Apa contoh pengaruhnya?

Di zaman Nabi ‎ﷺ, seorang yang bernama ‘Amir bin Rabi‘ah pernah melewati Sahl bin Hunaif yang saat itu sedang mandi. Ia pun berkata,

لَمْ أَرَ كَاليَومِ، وَلَا جِلْدَ مُخَبَّأَةٍ

“Belum pernah aku melihat seperti hari ini, kulit sehalus ini bahkan tidak dimiliki oleh gadis yang dipingit.”

Tak lama kemudian, Sahl pun jatuh pingsan (karena terkena ‘ain dari ‘Amir). Lalu ia dibawa kepada Nabi ﷺ.
Para sahabat berkata, “Wahai Rasulullah, tolonglah Sahl, ia pingsan.”

Beliau bertanya, “Siapa yang kalian tuduh menyebabkannya?”
Mereka menjawab, “Amir bin Rabi‘ah.”

Maka Nabi ﷺ bersabda:

عَلامَ يَـقْتُلُ أَحَدُكُمْ أَخَاهُ؟ إِذَا رَأَى أَحَدُكُمْ مِنْ أَخِيهِ مَا يُعْجِبُهُ، فَلْيَدْعُ لَهُ بِالْبَرَكَةِ

“Mengapa salah seorang di antara kalian hendak membunuh saudaranya? Jika salah seorang dari kalian melihat sesuatu yang mengagumkannya dari saudaranya, hendaklah ia mendoakannya agar diberi keberkahan.”

Kemudian Rasulullah ﷺ meminta air, dan memerintahkan ‘Amir untuk berwudhu: membasuh wajahnya, kedua tangannya hingga siku, kedua lututnya, serta bagian dalam kain sarungnya, lalu memerintahkan agar air bekas wudhu itu disiramkan kepada Sahl, maka ia pun segera sembuh dan pergi bersama orang-orang. (HR. Ibnu Majah, no. 3509, Malik 5/1375, Ahmad, no. 15980)

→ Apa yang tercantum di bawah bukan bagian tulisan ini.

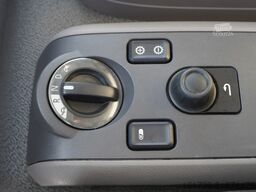 DAF LF 12.210 18-pallet container with tail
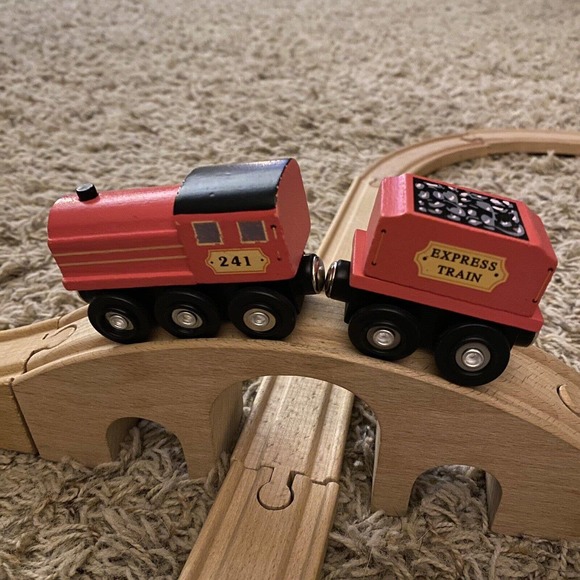 Melissa Doug Classic Wooden Figure Eight Train Set, 23 pcs, Preowned~Engine/1car - Picture 4 of 6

Imam Az-Zuhri menjelaskan cara mengobati ‘ain (pandangan mata hasad) dengan air bekas wudhu orang yang melempar ‘ain. Caranya sebagai berikut:

Orang yang diduga menyebabkan ‘ain diminta untuk mengambil sebuah bejana berisi air, lalu:
1. Memasukkan telapak tangannya ke dalam air,
lalu berkumur dengan air itu dan meludahkannya kembali ke dalam bejana.
2. Mencuci wajahnya dengan air tersebut.
3. Memasukkan tangan kirinya, lalu menuangkan air ke tangan kanannya di dalam bejana.
4. Memasukkan tangan kanannya, lalu menuangkan air ke tangan kirinya.
5. Memasukkan tangan kirinya lagi, lalu menuangkan air ke siku kanannya.
6. Memasukkan tangan kanannya, lalu menuangkan air ke siku kirinya.
7. Memasukkan tangan kirinya, lalu menuangkan air ke kaki kanannya.
8. Memasukkan tangan kanannya, lalu menuangkan air ke kaki kirinya.
9. Memasukkan tangan kirinya lagi, lalu menuangkan air ke lutut kanannya.
10. Memasukkan tangan kanannya, lalu menuangkan air ke lutut kirinya.
11. Terakhir, mencuci bagian dalam kain sarungnya (yakni ujung dalam pakaian bagian pinggang).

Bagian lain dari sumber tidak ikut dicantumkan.